I don't think it's plausible that Bates was let go purely on account of performance.  It was just too soon, and the personnel is just not there.  I think it's philosophy, but I think the problems with the running game substantiated the philosophical differences.  

Philosophically, I would relate to Bates: I would be more inclined to cut bait and make lemonade out of what I had.  If the run game wasn't working but I could get some movement through the air, I would.  I think Carroll saw that Bates not feeling fixing the run game was a priority was problematic.

There are 40 seconds on the play clock, but you have 20 at best, as a play caller.  You have to get the play to the QB in the huddle and allow time for adjustments, personnel changes, motion, and audibles, at the line.  Depending on what and how much you do, 20 could really be pushing it.  You have to consider down & distance, remaining game clock, personnel packages on both sides of the ball, and what's working and what's not, for you or them.  Whether it's due to mismatches or scheme, a significant amount of success and failure in football rides on capitalizing on what's working for you or not working for the defense.  And that often changes by the series, as players are rotated in & out.  

So you have to think quick and get the plays out fast.  With more time there would be more time to be driven by intentional design, but in that scenario your tendencies are going to come out.  The 2010 Seahawk offense had trouble running and passing, but the passing was not hopeless.  

Did the reliance on passing forfeit opportunity to get the run game going?  I don't think so, but I wonder that Carroll might.  And concede that he might be right.  

So that's my best stab at why Carroll made the change, and that more running, earlier, is possibly the biggest difference between the two offenses.  

Finally, one more piece about Bevell, specifically regarding differences with Bates.  A quote from Carroll:

Darrell Bevell's hiring away from the Minnesota Vikings indicated, on the surface, that the Seahawks might not value mobility as much from their quarterbacks. Coach Pete Carroll said otherwise over breakfast during the recent NFL owners meeting.
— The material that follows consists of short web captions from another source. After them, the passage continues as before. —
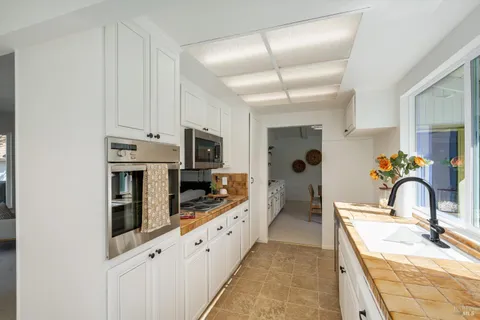 a bathroom with a granite countertop sink mirror and a shower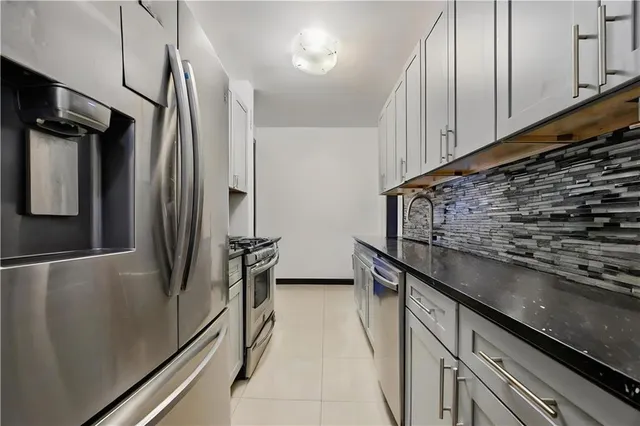 a kitchen with stainless steel appliances a refrigerator stove and microwave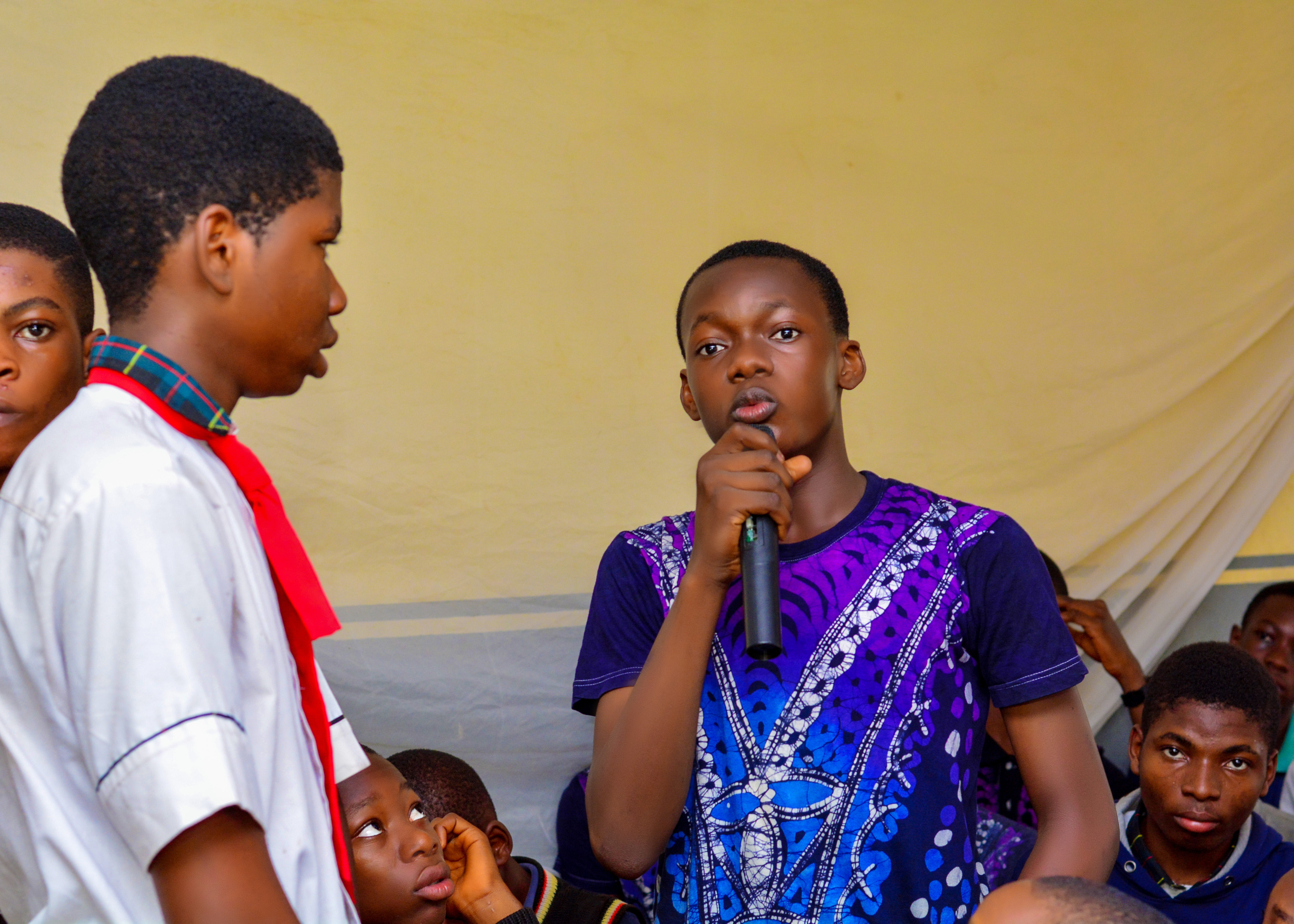 A boy speaking during a MaleMatters Conference session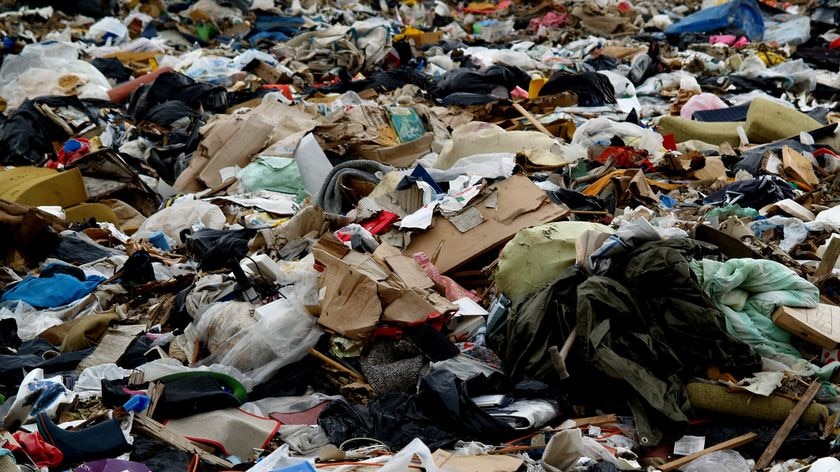 Rubbish fills a rubbish dump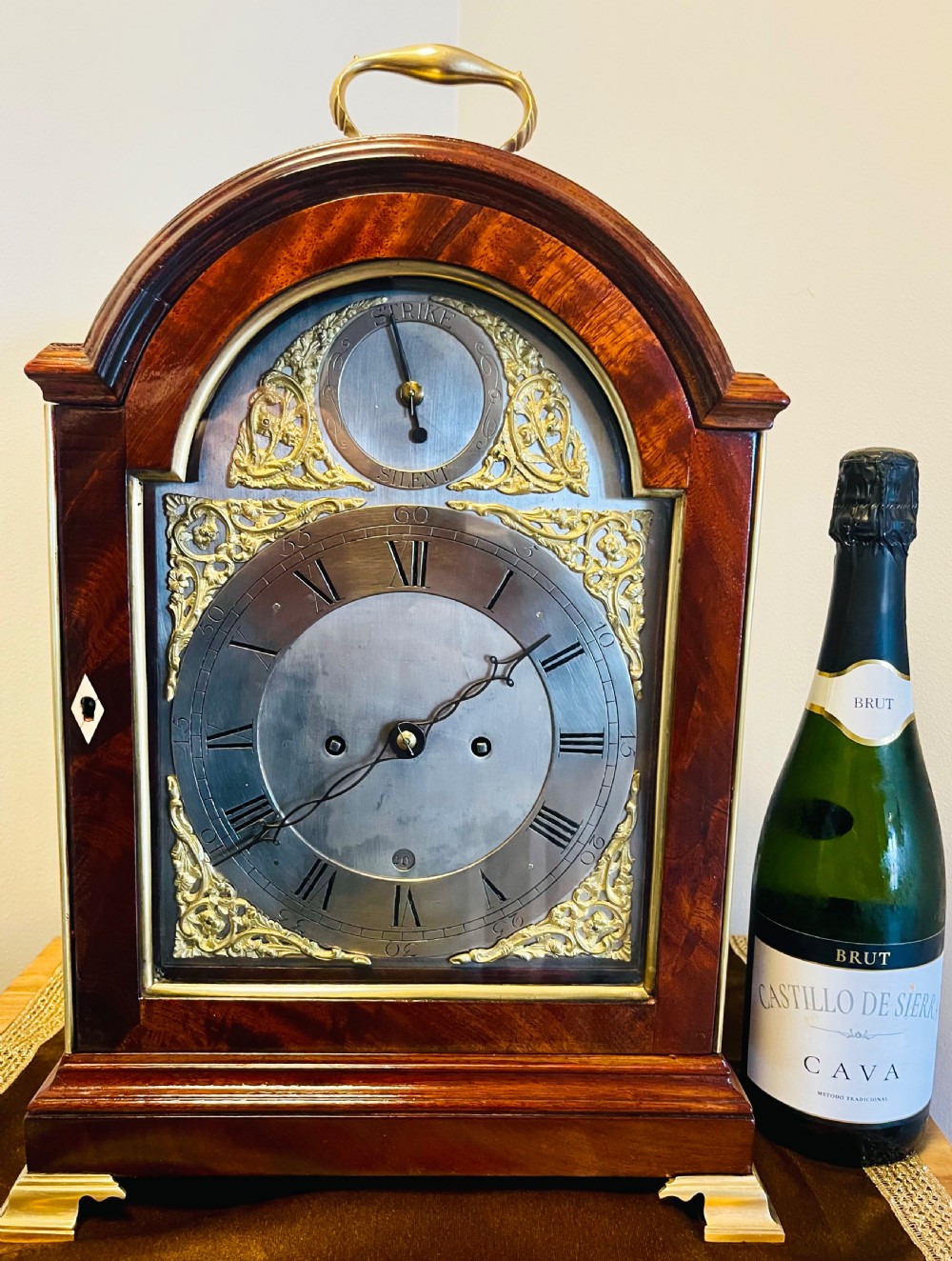 A George III mahogany bracket clock featuring an arched case with a brass top handle, gilt spandrels, and a silvered dial. View X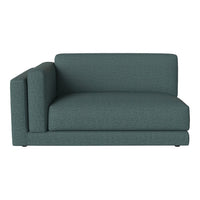 Teal upholstered modular sofa with a textured, woven pattern for a modern, stylish look.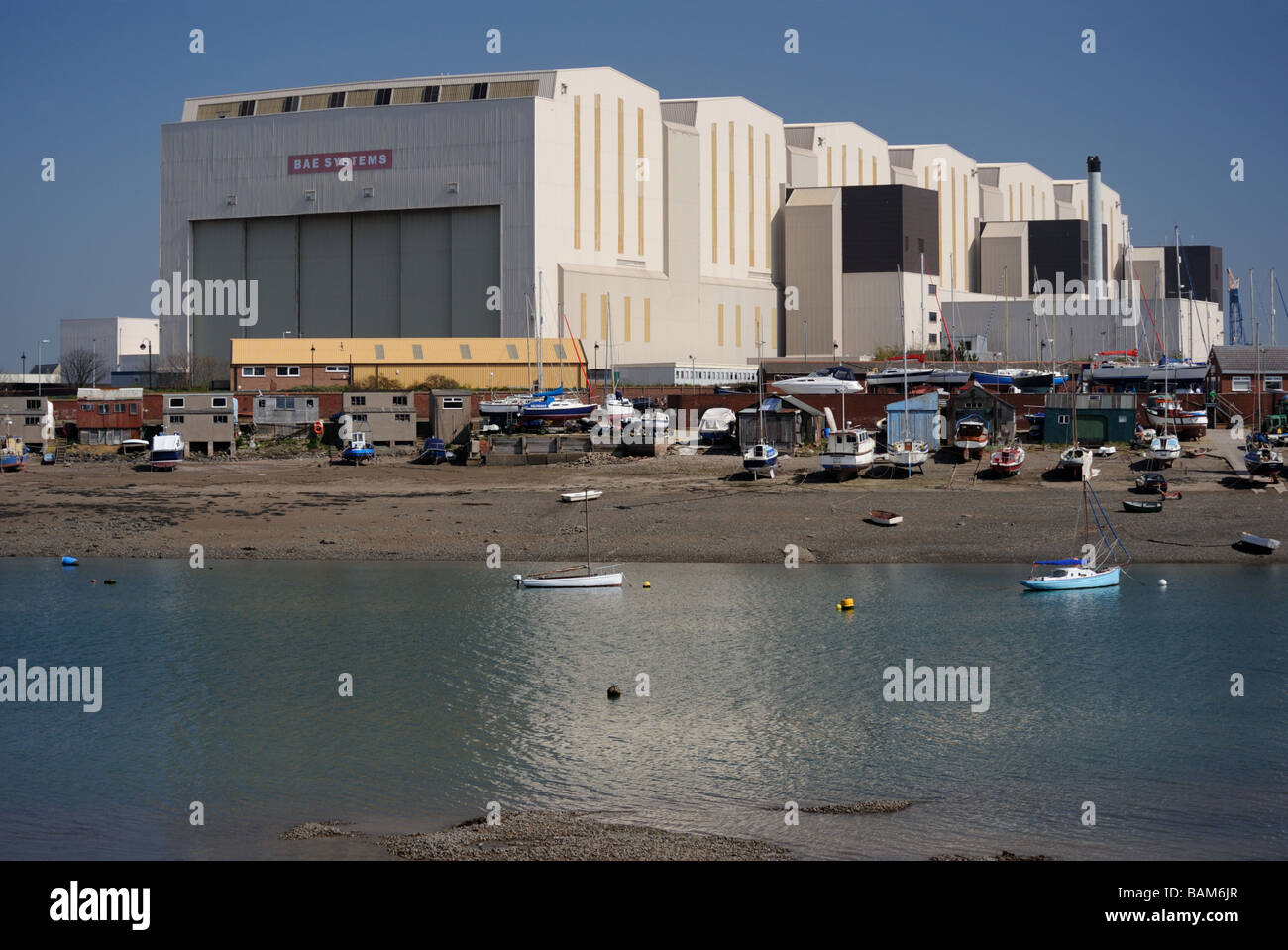 Walney Channel and BAE Systems Submarine Solutions buildings. Barrow-in-Furness, Cumbria, England, United Kingdom, Europe. Stock Photo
He said Bevell and new assistant head coach/offensive line Tom Cable "totally believe in the moving of the quarterback as a complement to the running game and play-action passing game." That was likewise a point of emphasis under previous coordinator Jeremy Bates. 

Yeah, I'm thinking the two offenses are going to remain fairly similar.  And Bevell's hiring does not mean the passing game will suffer hypoxia beyond 12 yards.  I lean towards Bates philosophically, but I'm not dissatisfied by what I'm finding about Bevell and Carroll's intentions.

What that means for the QB: within offenses similar to what we'll be running, Favre and Hasselbeck, two not-athletic QBs, were capable and effective on partial roll-outs, bootlegs, moving pockets and play-action.  So, too, was Ryan Mallett as Nate Dogg pointed out to us with a Rob Staton link.  Problems are still raised by the idea of using a designed moving pocket with Mallett too much, however, and it does sound like it's a regular and active part of the plan.

Really I think all the QBs of this draft are in our consideration, and the team will perform due diligence on.  I had felt that Jake Locker was not as strong a consideration as Mallett & Ponder, but I've come to think they may like him almost as much.  Dalton & Kaepernick seem to be decent choices for us, as well.  Strange how the closer you look, this year, the more prospects seem to be viable, rather than fewer, which is the more natural progression.